Description of the task
Copy out exactly the stretch of the listing below that begins at the line containing "kitchen featuring kitchen" and ends at the line containing "Amigos usando el", and copy nothing outside it.

Data section
■ ■ ■
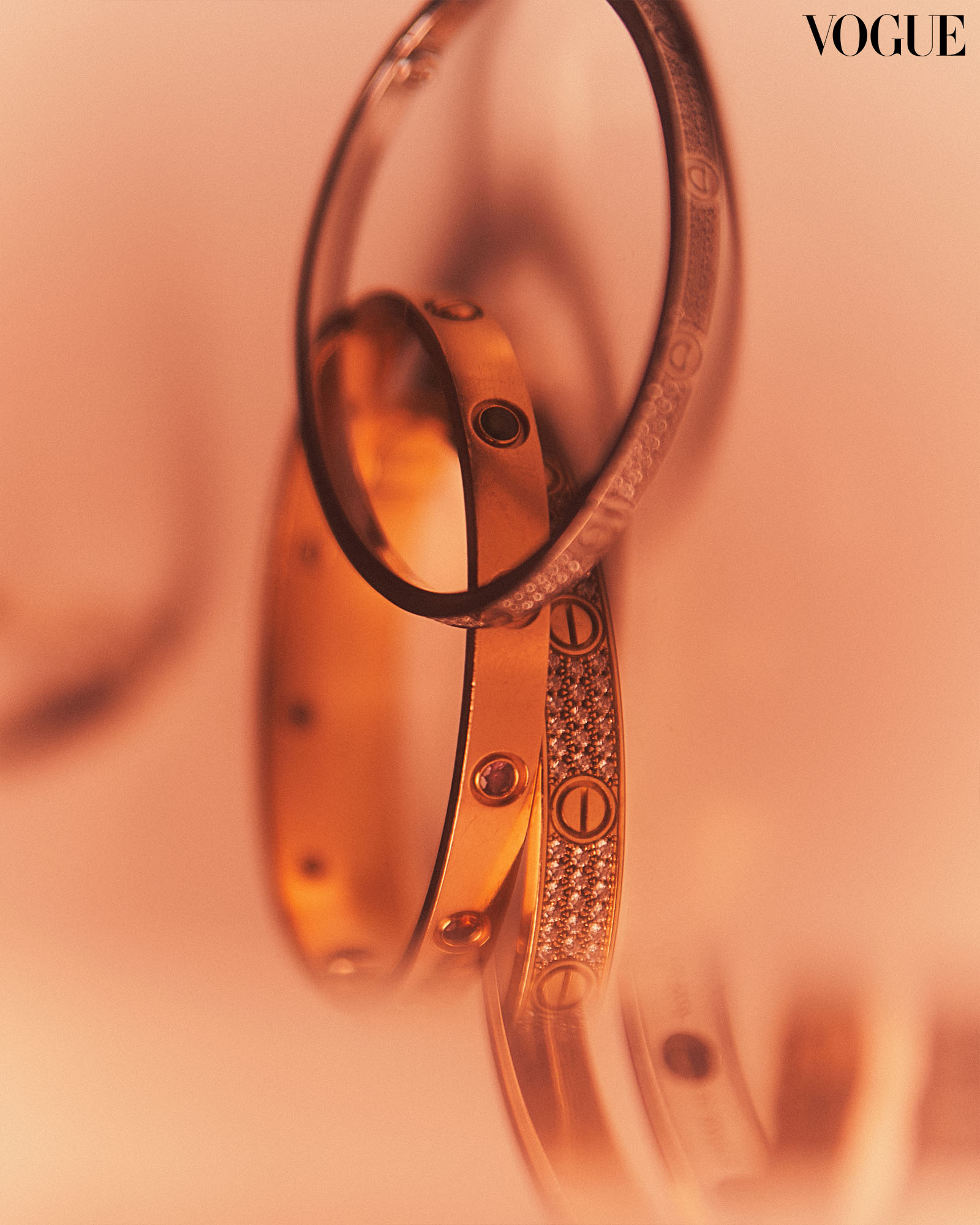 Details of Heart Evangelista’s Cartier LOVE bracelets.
■ ■ ■
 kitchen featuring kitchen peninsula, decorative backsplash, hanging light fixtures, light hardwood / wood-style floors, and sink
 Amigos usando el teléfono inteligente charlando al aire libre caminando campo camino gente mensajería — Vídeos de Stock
■ ■ ■
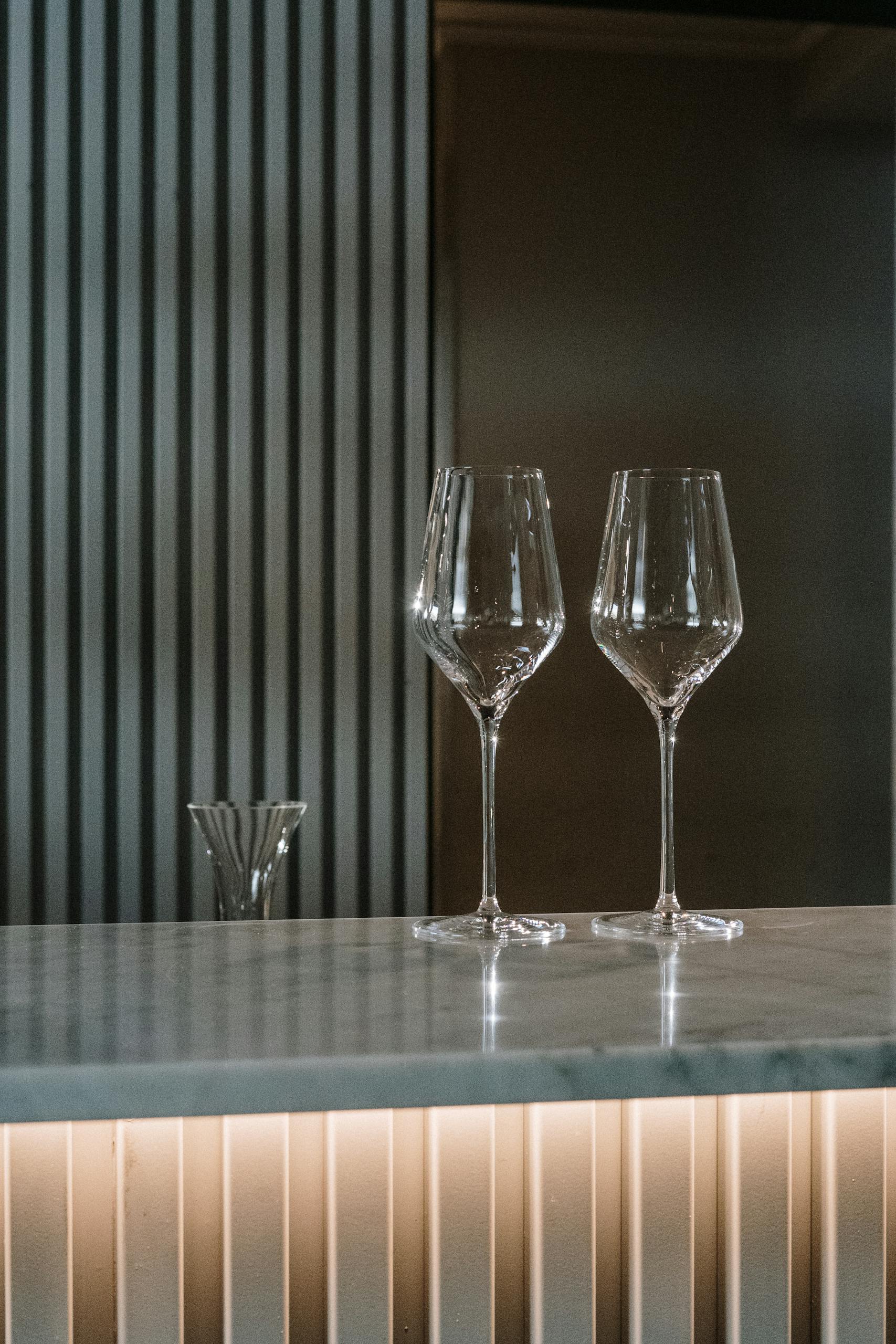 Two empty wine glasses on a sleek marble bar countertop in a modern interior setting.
■ ■ ■
Solution for this problem
 kitchen featuring kitchen peninsula, decorative backsplash, hanging light fixtures, light hardwood / wood-style floors, and sink
 Amigos usando el teléfono inteligente charlando al aire libre caminando campo camino gente mensajería — Vídeos de Stock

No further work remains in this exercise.